Indikasi adanya ketidakadilan semakin terlihat dengan adanya dugaan intervensi dari Dinas Pendidikan Sumbawa, entah titipan atau alasan kedekatan yang merekomendasikan guru ASN bersertifikasi dari sekolah lain untuk mengajar di sekolah tersebut, sementara guru non-ASN bersertifikasi yang telah lama mengabdi terancam kehilangan rombel dan jam mengajar.
Sekretaris Dinas Pendidikan dan Kebudayaan Sumbawa, Sudarli, S.Pt.,M.Si, menyatakan bahwa “para guru tersebut tidak boleh menerima pembayaran sertifikasi setelah pindah ke sekolah negeri”.
Sebagai alternatif, beliau menawarkan kesempatan untuk masuk ke database PPPK, namun tetap tanpa jaminan kepastian penerimaan.
Situasi ini berbanding terbalik dengan Kabupaten Sumbawa Barat, yang berhasil mengatasi masalah serupa tanpa membebani para guru. Padahal, Persesjen 1 Tahun 2025 yang menjadi dasar permasalahan ini adalah aturan yang sama di seluruh Indonesia. Kepala Dinas Pendidikan dan Kebudayaan Sumbawa Barat, Agus, S.Pd.,M.M, menjelaskan bahwa pemerintah daerahnya memprioritaskan kesejahteraan pegawai, baik ASN maupun non-ASN, dengan memberikan SK Bupati kepada guru non-ASN di sekolah negeri maupun swasta.

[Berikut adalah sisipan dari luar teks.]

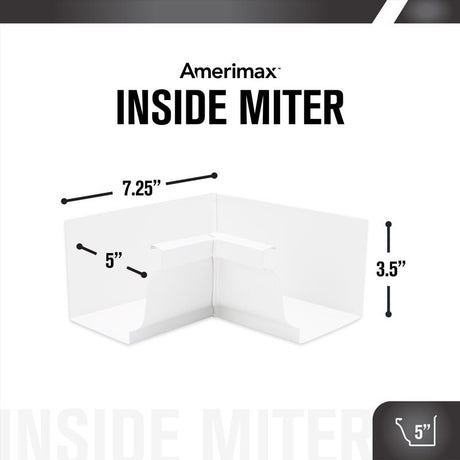 Amerimax 3.5 in. H X 3.75 in. W X 7.5 in. L White Aluminum K Inside Miter, Pack of 16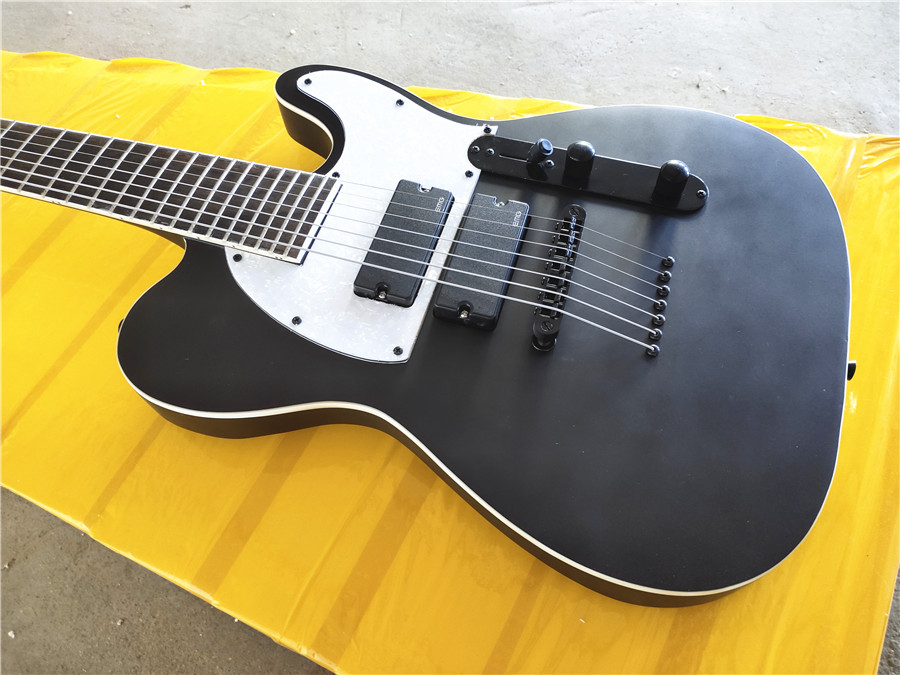 High quality customized matte black 7 string electric guitar, can be customized according to the requirements of free shipping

Hingga kini, upaya komunikasi dengan pemerintah daerah belum membuahkan hasil. Ketidakhadiran solusi dari pemerintah daerah seharusnya diimbangi dengan upaya komunikasi ke tingkat provinsi atau Kementerian Pendidikan, bukan hanya tuntutan dan solusi yang merugikan para guru.
Pemimpin daerah harusnya punya inisiatif dan berani bersikap terhdapat aturan-aturan yang di keluarkan pusat. Perlu sikap antisipatif dan reaponsif demi dan atas nama keadilan. Bukan hanya persoalan birokrasi tapi juga terhadap pelayanan yang menyangkut kemaslahatan bersama.
Pemerintah Sumbawa perlu segera mengambil langkah konkrit dengan membuat kebijakan yang lebih humanis dan berkeadilan bagi guru non-ASN. Jangan sampai pengabdian mereka padam karena ketidakpedulian pemerintah. Mereka layak mendapat penghargaan yang setimpal atas dedikasi dan pengorbanan yang telah diberikan. (HARTADI/mjd)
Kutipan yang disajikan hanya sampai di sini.